§ PROBLEM TO WORK ON
Images are not part of the copy; transcribe all the data exactly.

§ SUPPLIED INFORMATION
((

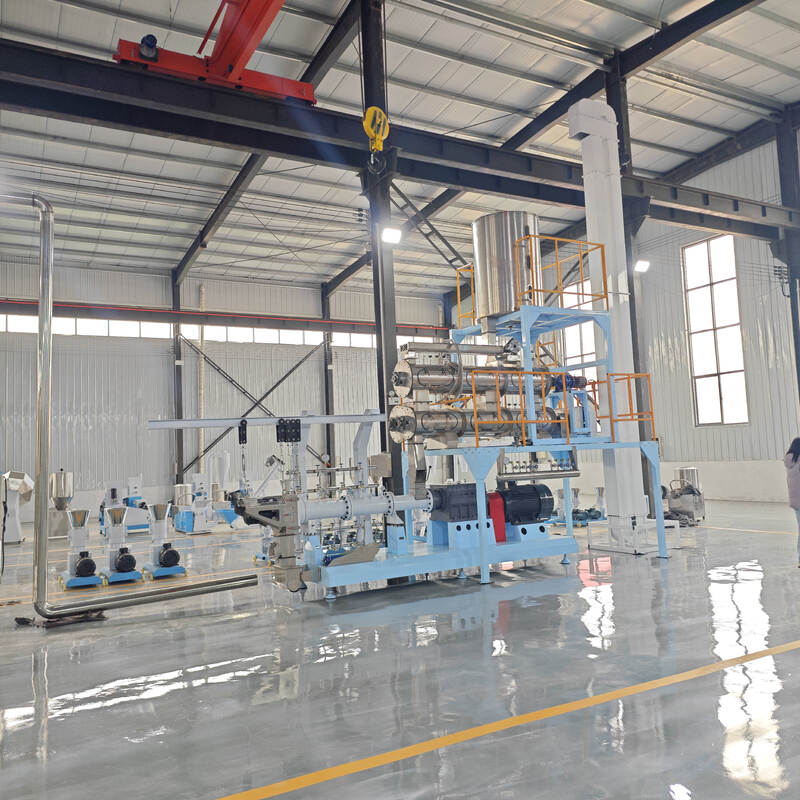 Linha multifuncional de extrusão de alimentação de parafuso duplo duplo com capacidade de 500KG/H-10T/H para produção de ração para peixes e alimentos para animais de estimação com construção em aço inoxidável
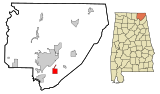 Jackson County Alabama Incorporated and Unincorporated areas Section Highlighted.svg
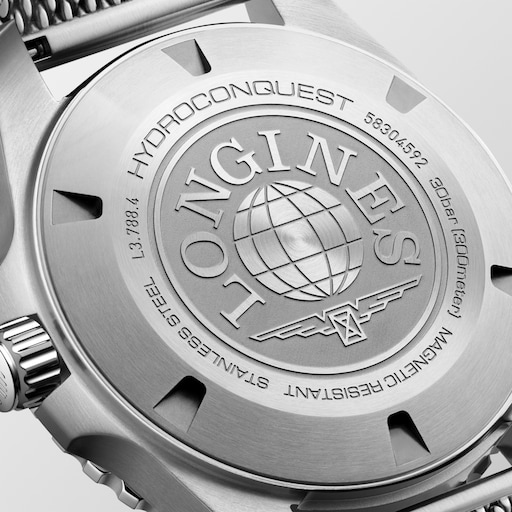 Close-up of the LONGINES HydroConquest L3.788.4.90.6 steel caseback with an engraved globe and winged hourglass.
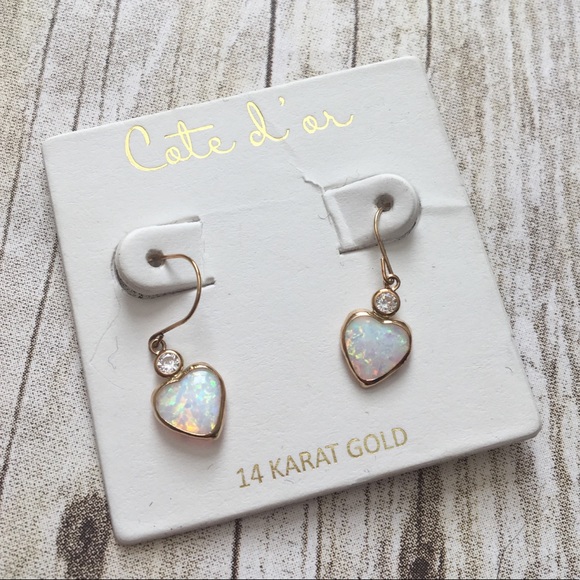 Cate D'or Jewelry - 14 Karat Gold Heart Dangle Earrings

))

§ COMPLETED EXERCISE
 Linha multifuncional de extrusão de alimentação de parafuso duplo duplo com capacidade de 500KG/H-10T/H para produção de ração para peixes e alimentos para animais de estimação com construção em aço inoxidável
 Jackson County Alabama Incorporated and Unincorporated areas Section Highlighted.svg
 Close-up of the LONGINES HydroConquest L3.788.4.90.6 steel caseback with an engraved globe and winged hourglass.
 Cate D'or Jewelry - 14 Karat Gold Heart Dangle Earrings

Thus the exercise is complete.